Your task is to transcribe the entries below exactly, beginning with the line containing "Bestaande woning - Vrijstaande" and ending with the final line, and to add nothing else.

[Stored records]
::::
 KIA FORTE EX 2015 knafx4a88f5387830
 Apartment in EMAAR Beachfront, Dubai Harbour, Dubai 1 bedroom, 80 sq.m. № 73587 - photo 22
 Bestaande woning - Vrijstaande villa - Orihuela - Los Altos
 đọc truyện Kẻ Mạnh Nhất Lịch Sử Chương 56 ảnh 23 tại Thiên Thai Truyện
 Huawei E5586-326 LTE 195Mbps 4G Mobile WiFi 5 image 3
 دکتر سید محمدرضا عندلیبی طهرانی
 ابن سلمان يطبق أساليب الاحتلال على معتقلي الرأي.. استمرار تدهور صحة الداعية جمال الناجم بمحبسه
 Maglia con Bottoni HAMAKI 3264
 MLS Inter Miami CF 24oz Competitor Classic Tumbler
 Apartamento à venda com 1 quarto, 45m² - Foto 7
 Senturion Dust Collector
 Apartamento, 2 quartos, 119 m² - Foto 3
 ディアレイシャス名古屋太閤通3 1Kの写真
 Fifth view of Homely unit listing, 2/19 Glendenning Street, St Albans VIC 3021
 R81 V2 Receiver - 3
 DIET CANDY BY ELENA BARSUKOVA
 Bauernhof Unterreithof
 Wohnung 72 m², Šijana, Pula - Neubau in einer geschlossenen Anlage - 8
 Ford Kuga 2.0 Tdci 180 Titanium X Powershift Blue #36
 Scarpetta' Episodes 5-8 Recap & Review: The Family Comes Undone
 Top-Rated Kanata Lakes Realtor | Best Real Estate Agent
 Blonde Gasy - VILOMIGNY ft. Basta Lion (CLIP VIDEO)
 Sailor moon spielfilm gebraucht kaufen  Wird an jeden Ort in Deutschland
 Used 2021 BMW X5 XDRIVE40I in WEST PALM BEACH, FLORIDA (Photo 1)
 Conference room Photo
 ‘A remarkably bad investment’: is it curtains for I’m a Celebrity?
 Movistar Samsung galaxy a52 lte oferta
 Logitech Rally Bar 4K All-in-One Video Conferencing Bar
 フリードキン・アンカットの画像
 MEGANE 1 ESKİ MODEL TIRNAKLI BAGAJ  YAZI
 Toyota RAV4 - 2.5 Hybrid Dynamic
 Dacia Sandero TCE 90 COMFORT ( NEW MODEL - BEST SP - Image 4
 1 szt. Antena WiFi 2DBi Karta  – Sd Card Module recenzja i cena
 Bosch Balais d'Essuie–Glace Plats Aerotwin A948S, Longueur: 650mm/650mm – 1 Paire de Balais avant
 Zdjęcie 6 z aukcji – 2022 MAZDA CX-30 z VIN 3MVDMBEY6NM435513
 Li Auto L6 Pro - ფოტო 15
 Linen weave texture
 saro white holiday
::::
_Written response_.
 Bestaande woning - Vrijstaande villa - Orihuela - Los Altos
 đọc truyện Kẻ Mạnh Nhất Lịch Sử Chương 56 ảnh 23 tại Thiên Thai Truyện
 Huawei E5586-326 LTE 195Mbps 4G Mobile WiFi 5 image 3
 دکتر سید محمدرضا عندلیبی طهرانی
 ابن سلمان يطبق أساليب الاحتلال على معتقلي الرأي.. استمرار تدهور صحة الداعية جمال الناجم بمحبسه
 Maglia con Bottoni HAMAKI 3264
 MLS Inter Miami CF 24oz Competitor Classic Tumbler
 Apartamento à venda com 1 quarto, 45m² - Foto 7
 Senturion Dust Collector
 Apartamento, 2 quartos, 119 m² - Foto 3
 ディアレイシャス名古屋太閤通3 1Kの写真
 Fifth view of Homely unit listing, 2/19 Glendenning Street, St Albans VIC 3021
 R81 V2 Receiver - 3
 DIET CANDY BY ELENA BARSUKOVA
 Bauernhof Unterreithof
 Wohnung 72 m², Šijana, Pula - Neubau in einer geschlossenen Anlage - 8
 Ford Kuga 2.0 Tdci 180 Titanium X Powershift Blue #36
 Scarpetta' Episodes 5-8 Recap & Review: The Family Comes Undone
 Top-Rated Kanata Lakes Realtor | Best Real Estate Agent
 Blonde Gasy - VILOMIGNY ft. Basta Lion (CLIP VIDEO)
 Sailor moon spielfilm gebraucht kaufen  Wird an jeden Ort in Deutschland
 Used 2021 BMW X5 XDRIVE40I in WEST PALM BEACH, FLORIDA (Photo 1)
 Conference room Photo
 ‘A remarkably bad investment’: is it curtains for I’m a Celebrity?
 Movistar Samsung galaxy a52 lte oferta
 Logitech Rally Bar 4K All-in-One Video Conferencing Bar
 フリードキン・アンカットの画像
 MEGANE 1 ESKİ MODEL TIRNAKLI BAGAJ  YAZI
 Toyota RAV4 - 2.5 Hybrid Dynamic
 Dacia Sandero TCE 90 COMFORT ( NEW MODEL - BEST SP - Image 4
 1 szt. Antena WiFi 2DBi Karta  – Sd Card Module recenzja i cena
 Bosch Balais d'Essuie–Glace Plats Aerotwin A948S, Longueur: 650mm/650mm – 1 Paire de Balais avant
 Zdjęcie 6 z aukcji – 2022 MAZDA CX-30 z VIN 3MVDMBEY6NM435513
 Li Auto L6 Pro - ფოტო 15
 Linen weave texture
 saro white holiday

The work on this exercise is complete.